The median existing single-family home price rises 7.6% to $396,300 for the month.
A snapshot of August existing-home sales from the National Association of Realtors.
Existing-home sales slipped in August, marking the seventh consecutive month of declines, the National Association of Realtors (NAR) reported this morning.
Total existing-home sales faded by 0.4%from July to a seasonally adjusted rate of 4.80 million in August. The number includes completed transactions of single-family homes, townhomes, condos, and co-ops.
Year-over-year, sales are down 19.9% compared to 5.99 in August 2021.
Single-family home sales decreased to a seasonally adjusted rate of 4.28 million in August, down 0.9% from 4.32 million in July and down 19.2% from the previous year.
“The housing sector is the most sensitive to and experiences the most immediate impacts from the Federal Reserve’s interest rate policy changes,” said NAR Chief Economist Lawrence Yun. “The softness in home sales reflects this year’s escalating mortgage rates. Nonetheless, homeowners are doing well with near nonexistent distressed property sales and home prices still higher than a year ago.”

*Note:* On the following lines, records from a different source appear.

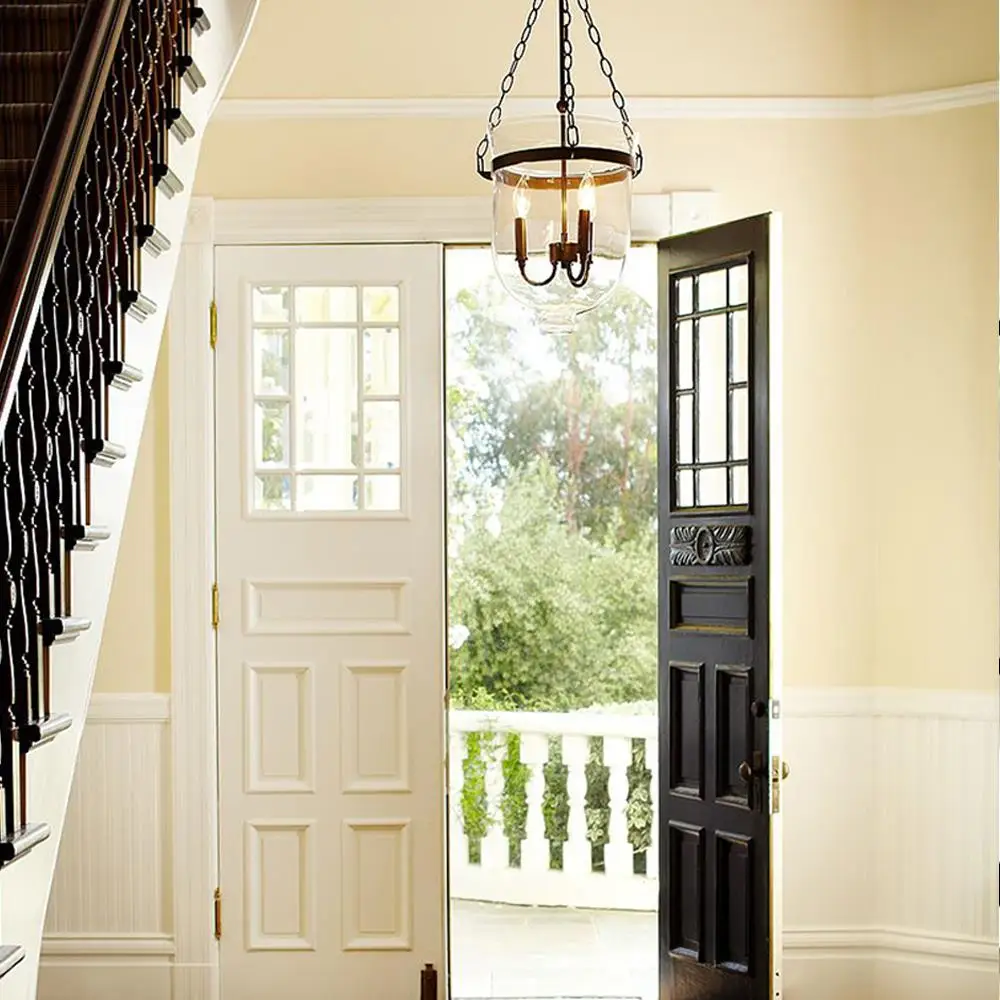 Retro Rustic Clear Glass 3 candle Lights Bell Jar pendant light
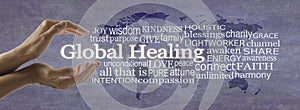 Global healing word cloud map campaign banner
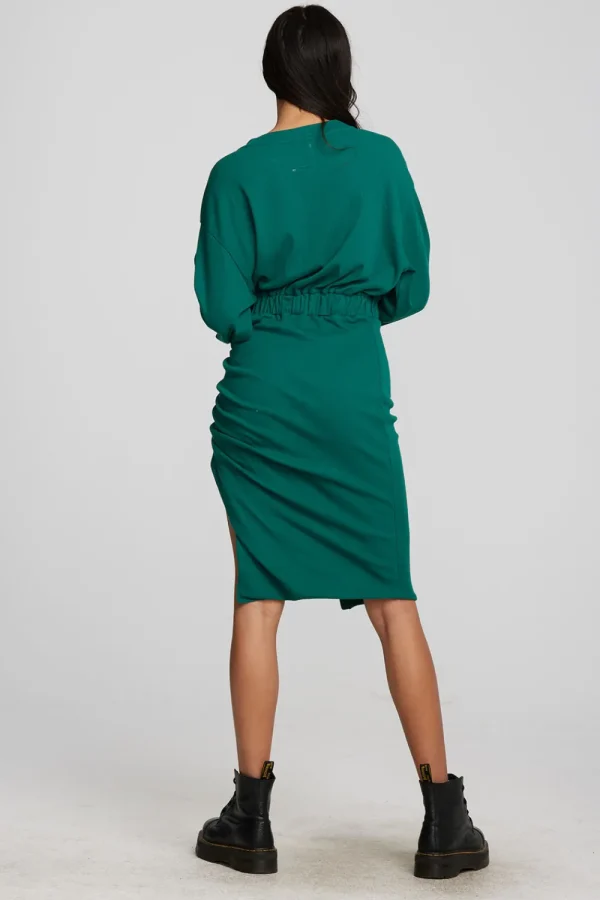 Outlet Recycled Vintage Rib Midi Dress With Shirring And Side Slit Women Loungewear | Dresses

Prices across the nation continue to climb in August. The median existing-home price for all housing types in August was $389,500, a 7.7% jump from August 2021 and a price of $361,500.
The latest report marks 126 consecutive months of year-over-year increases, the longest-running streak on record.
The median existing single-family home price was $396,300 in August, up 7.6% from August 2021.
Existing condominium and co-op sales were recorded at a seasonally adjusted annual rate of 520,000 units in August, up 4% from July and down 24.6% from one year ago. The median existing condo price was $333,700 in August, an annual increase of 7.8%.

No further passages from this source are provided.